Exercise goal: From the entries below, reproduce exactly the lines from the one with "In this example, you" through the one with "If we want to", both included, without images.

** Opening Records provided block **

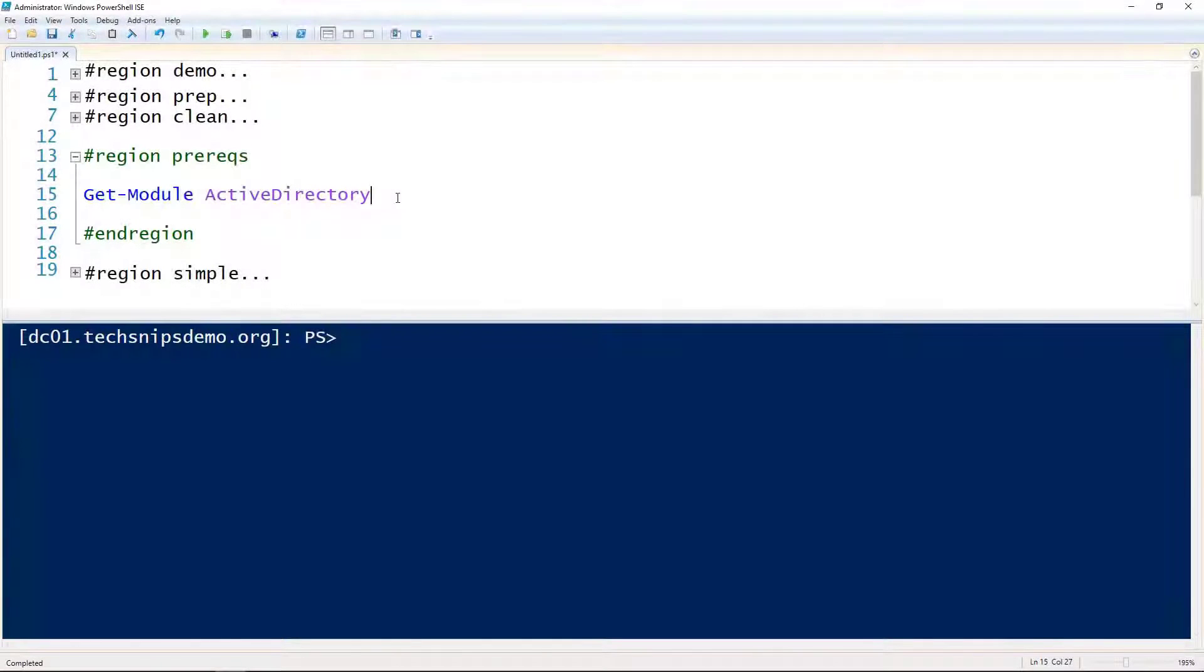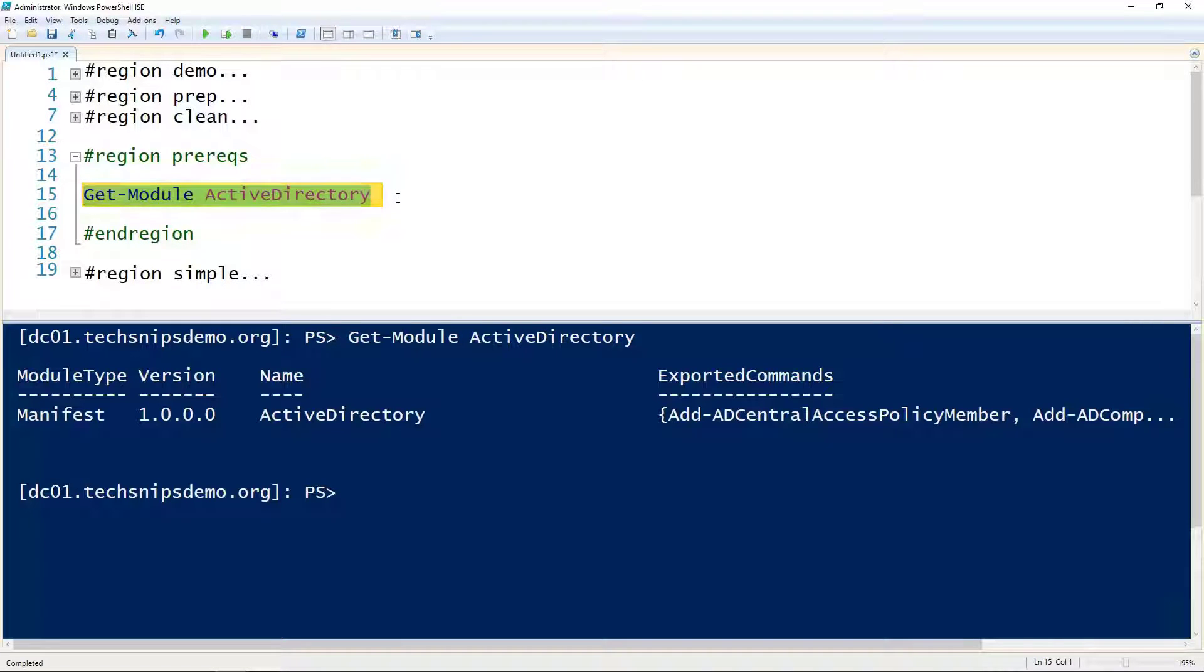Before we can remove a user from Active Directory using PowerShell, we need to have the Active Directory module installed and loaded.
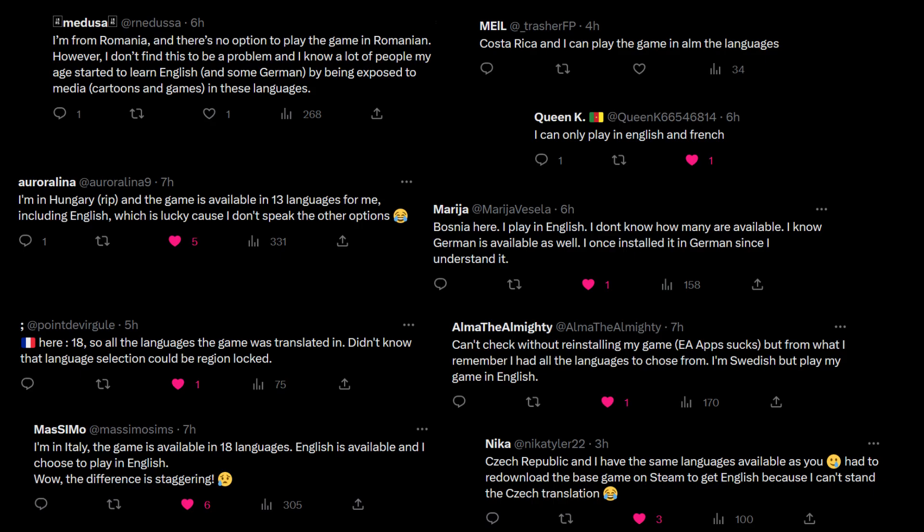I asked people on Twitter what language accessibility they have, and there are some European countries where the game just wasn't translated into their language — like Hungary. The Sims 4 doesn't have some translations that previous games had, like Hungarian, and it's also not available in Romanian. Other South European countries also don't have their native language translations. So those countries have access to English and a few other languages like German — at least they can play in English. There was also one person from Cameroon who said they can only play in English and French, which makes sense. But it seems like in every other region, English is available — only for Poland and Czechia it's not.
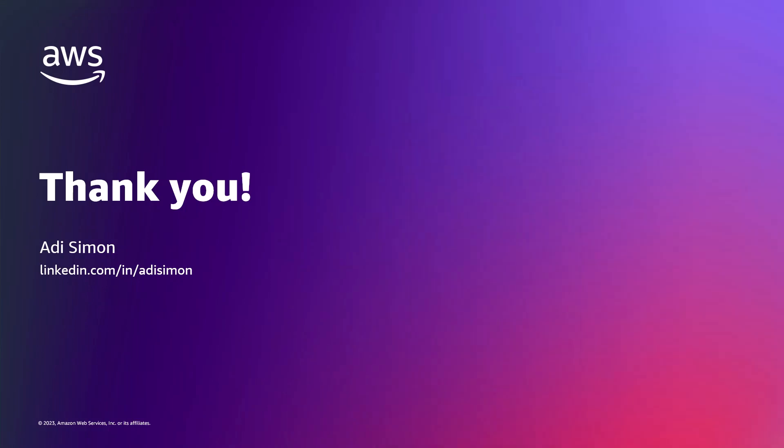I encourage you to check out the documentation in the video description below. Thank you for watching. I hope you find this informative.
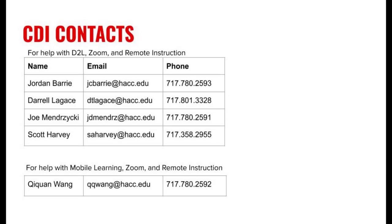That's all you need to know for recording with Camtasia 2020. If you have any questions, please contact me or someone else in the CDI team.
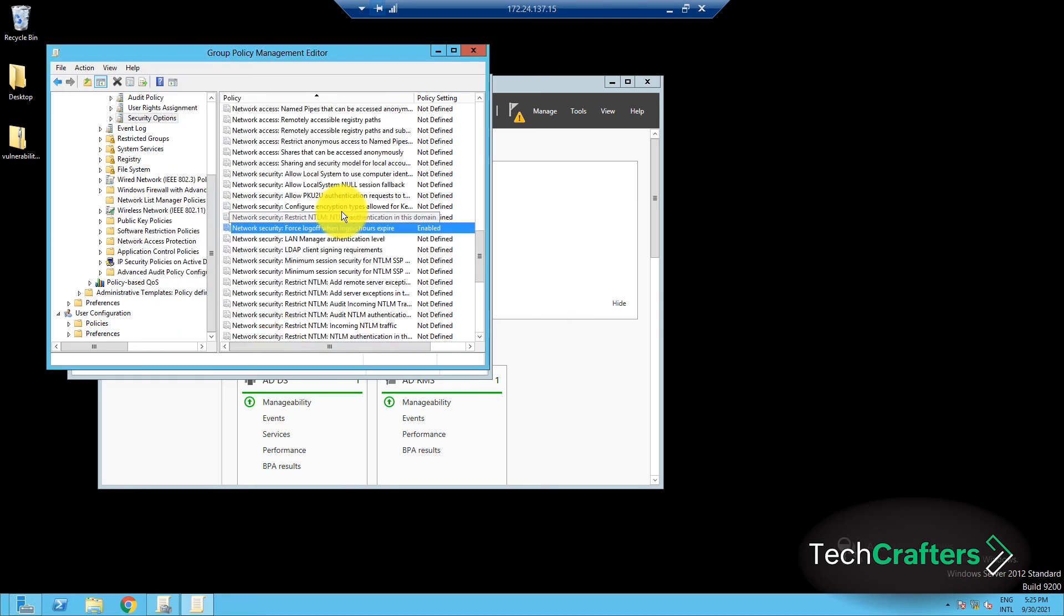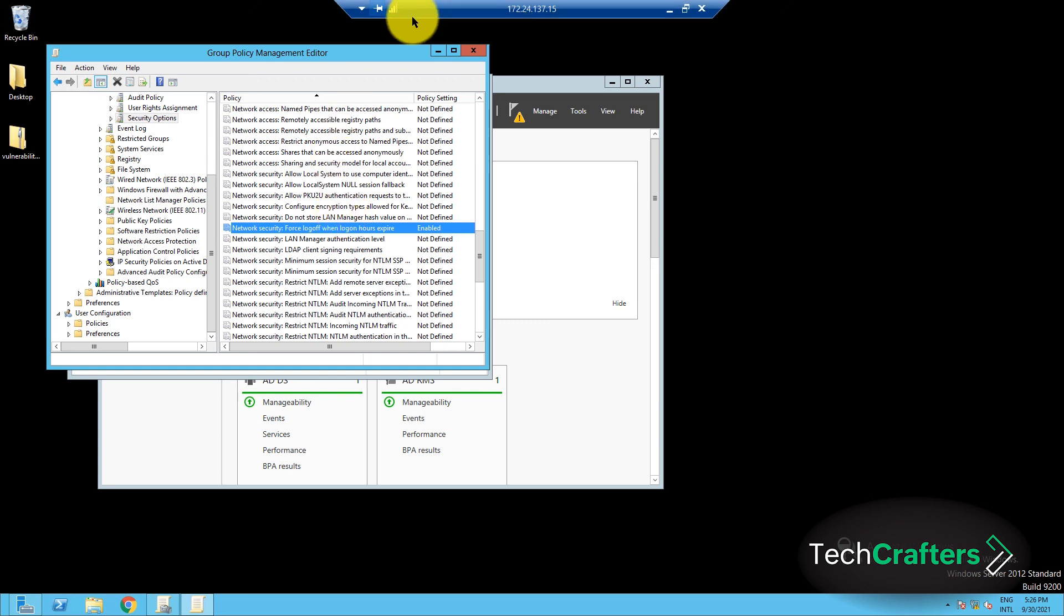And done, the user will automatically be logged off when their logon time expires. To know a little more about this process, check out our article in the description right below the like button, and also make sure to subscribe for more such videos. So that's it for today's video, and I'll see you in the next one, bye.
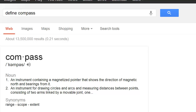Before we start, one thing must be cleared. The word compass has two meanings and both are used in geometry. The first one we have already seen is an instrument for drawing circles and arcs — the Euclidean tool used for construction. But there is another compass which is a magnetic pointer, and this lecture is mainly about this type. So that compass and the other compass are different.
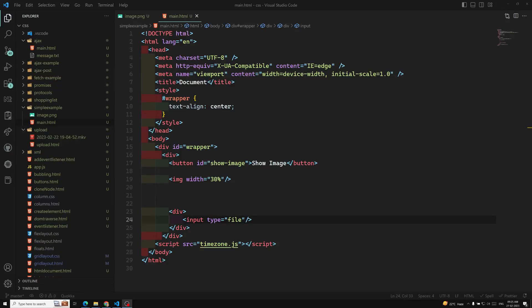Hi friends, this is Leela. Welcome to my channel LeelaWebDev. In this video we will see how to access and display an image using the Fetch API.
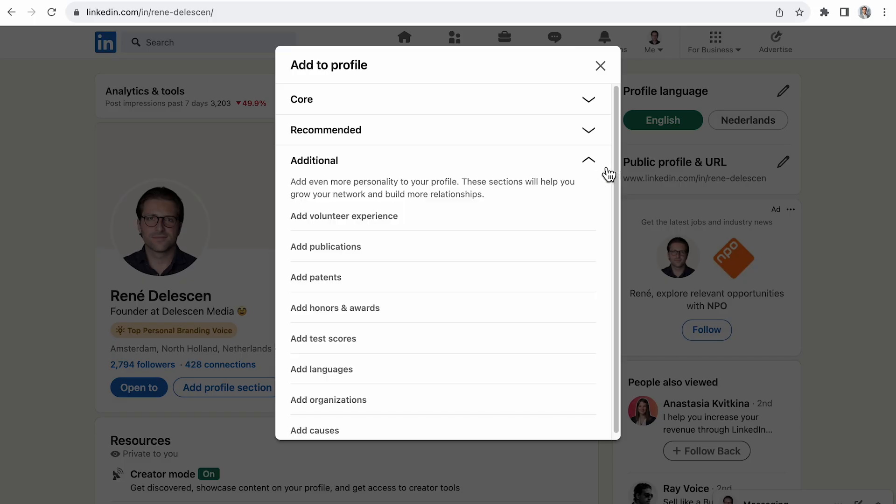That's all you need to know to create a professional LinkedIn profile as a fresher. There are some other sections, but those are easy to complete and not that important. If you want to know more about LinkedIn and how to use it for lifelong career opportunities, make sure to subscribe. Thanks for watching and I hope to see you in the next video.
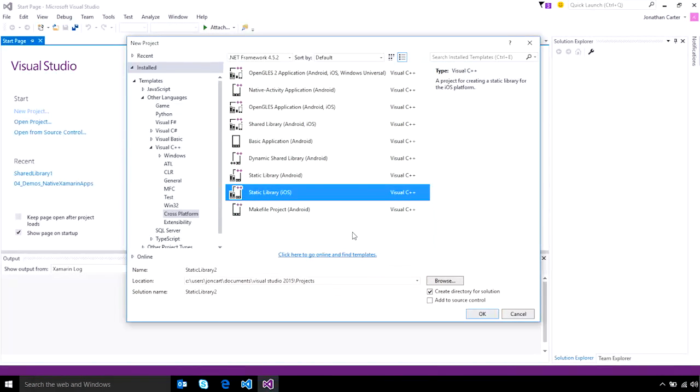If you're building using C++, Visual Studio also has project templates for iOS to help you get started building static or shared libraries.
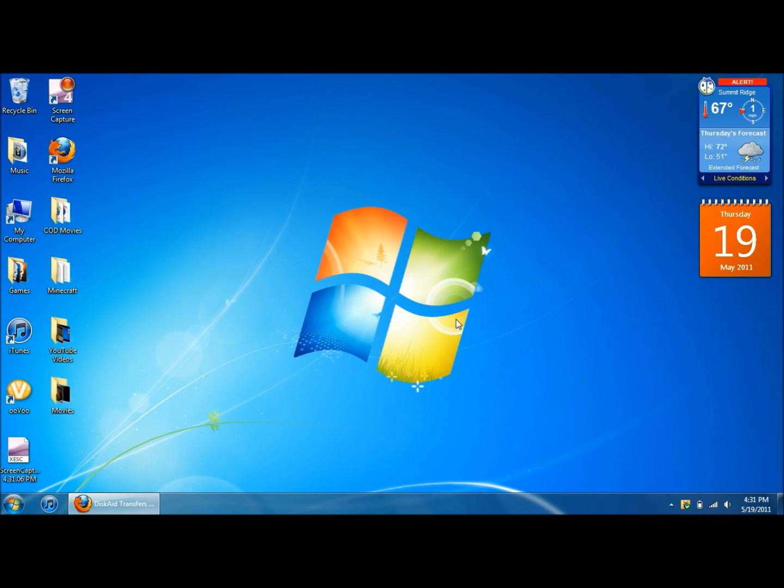Say you get a new computer just like I just got this new computer and I wanted to transfer all of my music from my iPod to my new computer, but there's no easy way to do it.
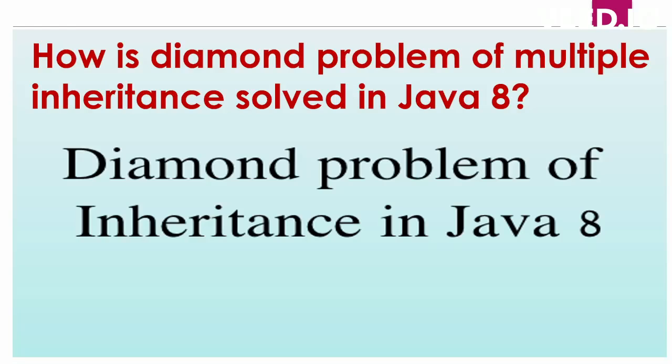Hello everyone, in this video we will discuss a very important concept in Java called the diamond problem of multiple inheritance, and we will see how to resolve this problem by using default methods in interfaces.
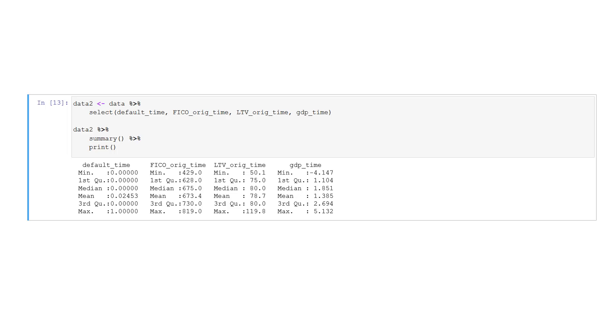The second feature is the FICO score, which empirically in our data frame has a minimum score of 429 points and a maximum score of 819 points. The mean score value is 673.4. The third feature is the loan-to-value ratio at loan origination, and has a minimum value of 50.1% and a maximum value of 119.8%. The loan-to-value ratio is an important ratio representing the leverage of a borrower. The mean loan-to-value ratio at loan origination is 78.7%, which is very close to the origination threshold of 80% of many lenders. And last but not least, we see the summary statistics for the GDP growth. The minimum GDP growth for a given year is minus 4.147% and the maximum growth 5.132%. The mean growth is 1.385%.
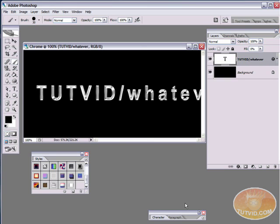So that's it for this one. That's how you create chrome in Photoshop. That's one way to create chrome in Photoshop I should say. I hope you enjoyed it. I hope you learned something. I hope you go check this site out. The site is www.tutvid.com. Thanks.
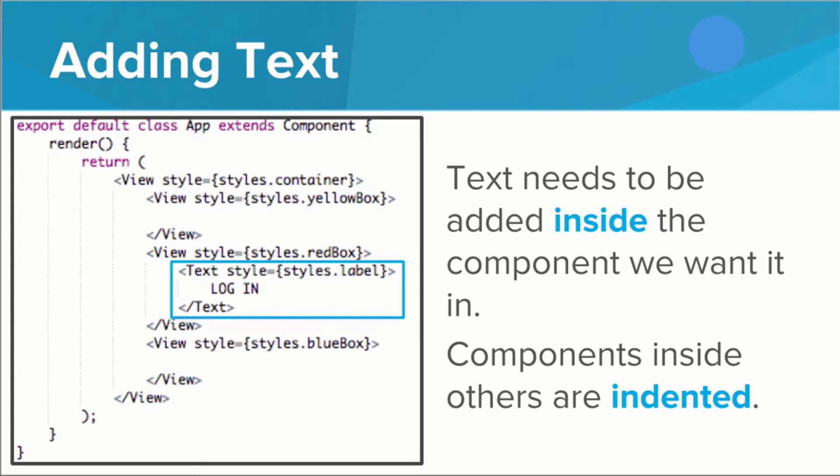In this example, you can see that the text component is inside the redbox view component. Let's go to the editor to see how this looks in our app.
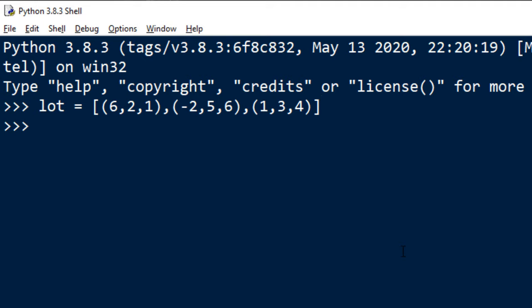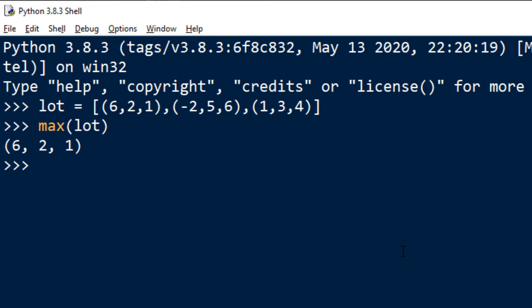If we want to find max value of this list we can use by default built-in function max and as you can see this function is gonna return maximum value of these first elements of each tuple.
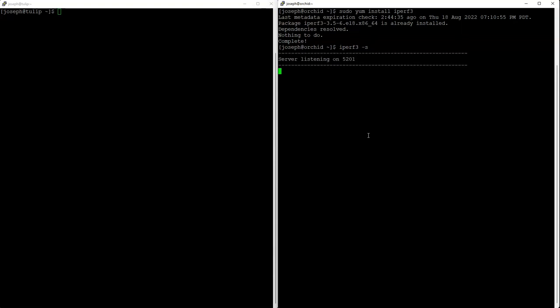To start listening, it listens on TCP port 5201, so you need to make sure your firewall is open to allow TCP port 5201 to get through.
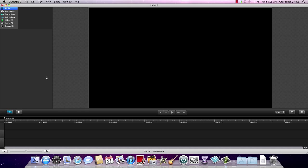Hi everyone, my name is Mike Gerzinski and I'm a video marketing specialist here at TechSmith Corporation. Today I wanted to quickly show you how to get started editing your own video resume project.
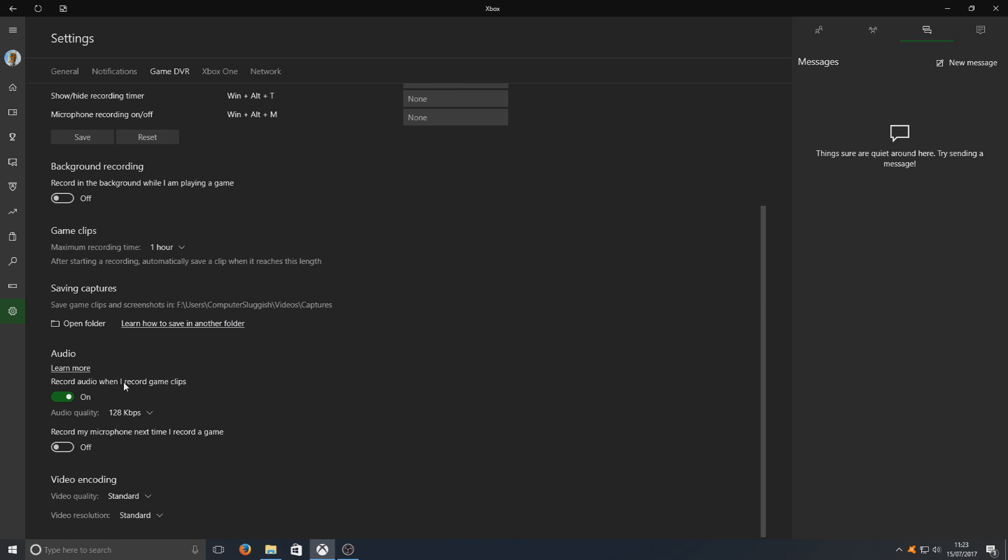Here we've got audio. Record audio when recording game clips. If you want it to record the in-game sound of your video, then have that selected on. But bearing in mind if you're uploading to YouTube, then you've got to take into mind about copyright. If it's playing some songs in the game, then you might not be able to monetize your video due to copyright.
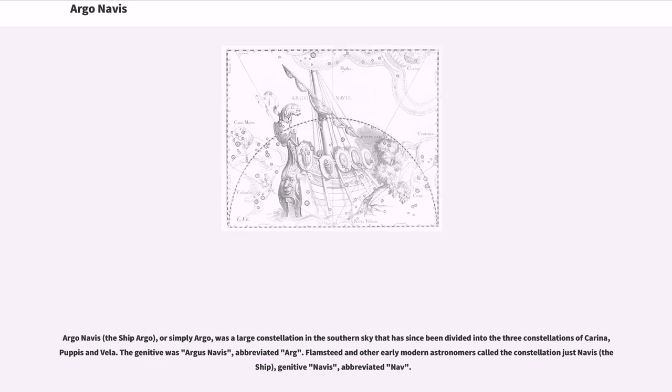Argo Navis, the ship Argo, or simply Argo, was a large constellation in the southern sky that has since been divided into the three constellations of Carina, Puppis, and Vela.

** Closing Records provided block **

Solution to this problem:
In this example, you can see that the text component is inside the redbox view component. Let's go to the editor to see how this looks in our app.
If we want to find max value of this list we can use by default built-in function max and as you can see this function is gonna return maximum value of these first elements of each tuple.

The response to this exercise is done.